How innovative data engineering delivers great customer experiences
by Jay Malin, AGENT511 Managing Director
A recent Gartner Note, “How to Build a Data Engineering Practice That Delivers Greater Consumer Experiences,” highlighted the multidisciplinary role of data management within an organization. The article avoided over-emphasizing one technology over another but was clear to define the benefits of doing so.
Benefits include faster delivery time for products and services, leveraging third-party data into solutions, and easier fulfillment of regulatory requirements, non-exclusively. These benefits resonate best with AGENT511’s public sector clients, and therefore it is imperative that our platform provides real-time access to data and analytics to fulfill the mission. In the case of public safety, it may be to deliver the most accurate response as soon as possible. Our utility clients seek to maximize customer engagement and loyalty while alleviating the time to respond to calls.

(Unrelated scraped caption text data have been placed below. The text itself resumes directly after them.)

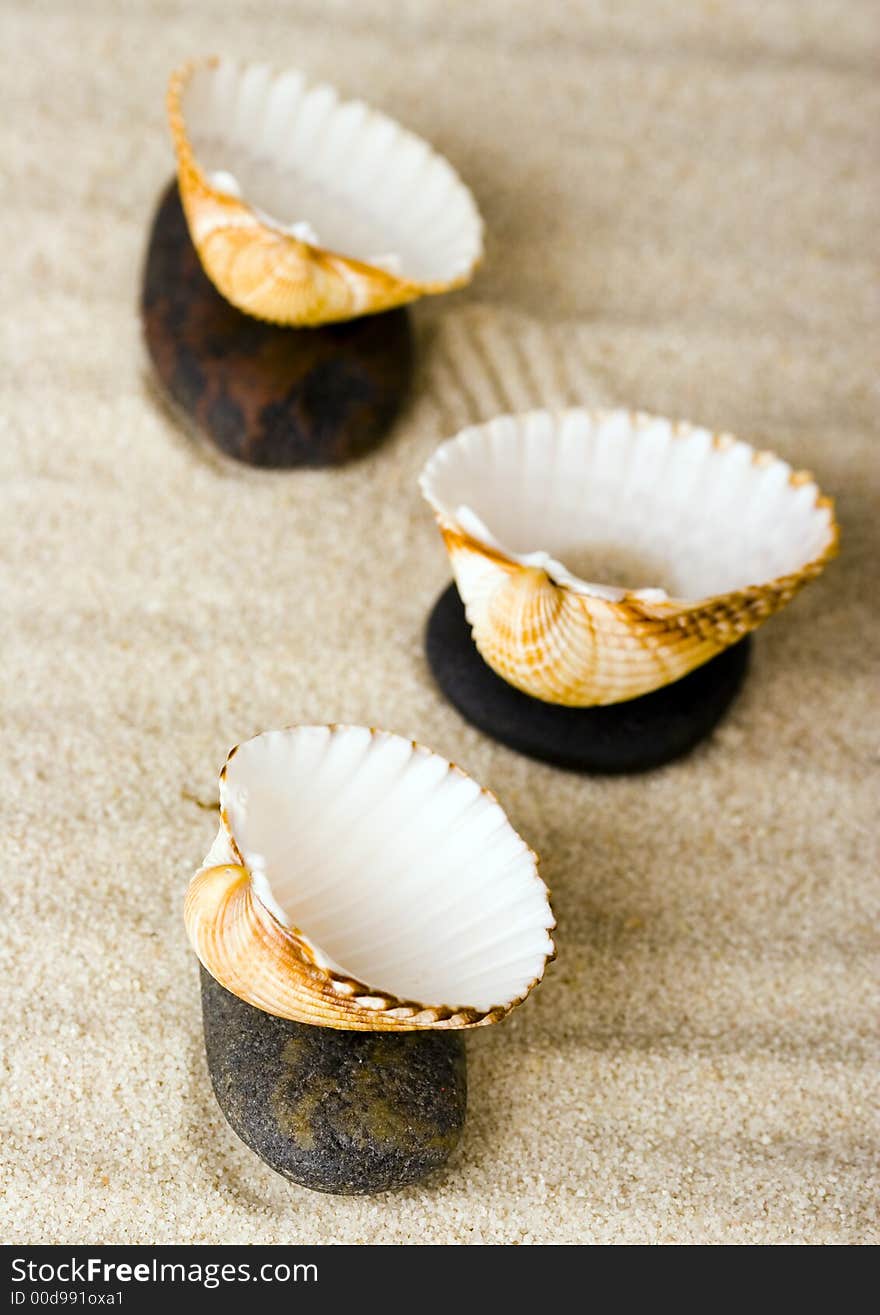 Shells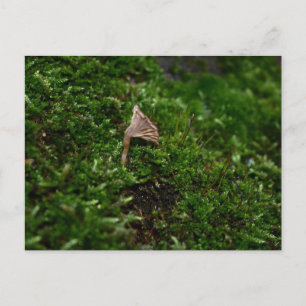 Mossen en Lichens met een kleine paddenstoel Briefkaart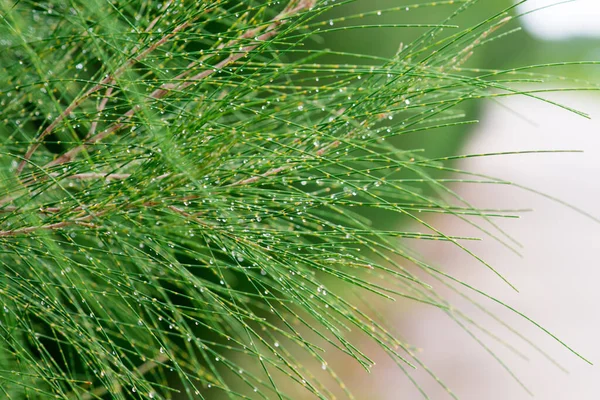 Fora Foco Padrões Abstratos Natureza Gota Chuva Sobre Ela Carvalho — Fotografia de Stock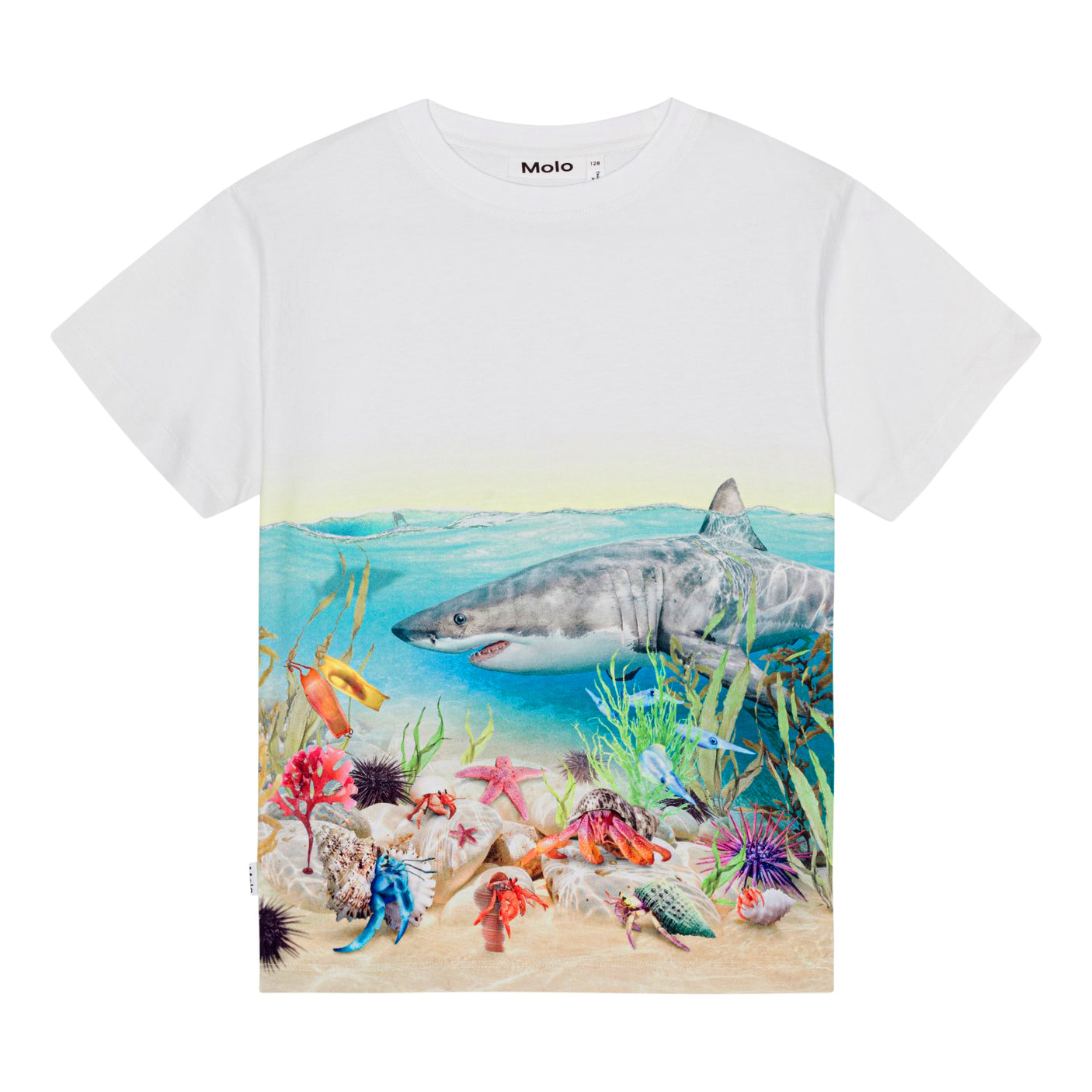 Raveno Tshirt - Shore Sharks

Part of building this practice is to acquire this competency by hiring team members with relevant experiences and training the team in these new methodologies. Recognizing this, our team of data engineers have grown as has the use of new cloud tools with superior data handling techniques.
This allows us to now collect and sort extremely large volumes of data and in real-time sort, share, and display this data. Partitioned databases, replicated warehouses, data marts, pipelines and BI tools are now replaced by a single high-availability cloud platform that delivers all of this computationally intensive functionality with limited latency.
– Configurable graphical analytics such as energy comparisons may be generated for a single customer and shared via text message.
– Incoming calls may be correlated to other data such as nearby incidents, environmental conditions such as traffic and power outages, to route emergency calls to relevant personnel.
– Customers impacted by severe weather may be sent personal notifications based upon regional preferences and data trends.
Data applications may now leverage data across the entire organization to display trends and expose opportunities for improvement. A correlation between field crew experience and regions may be a leading indicator for service restoration times. Abandoned calls may be more likely from specific mobile carriers and geographic areas.
We’re continuing to explore and invest in data engineering so our clients may reap the benefits of tighter and more meaningful engagement through data applications and analytics.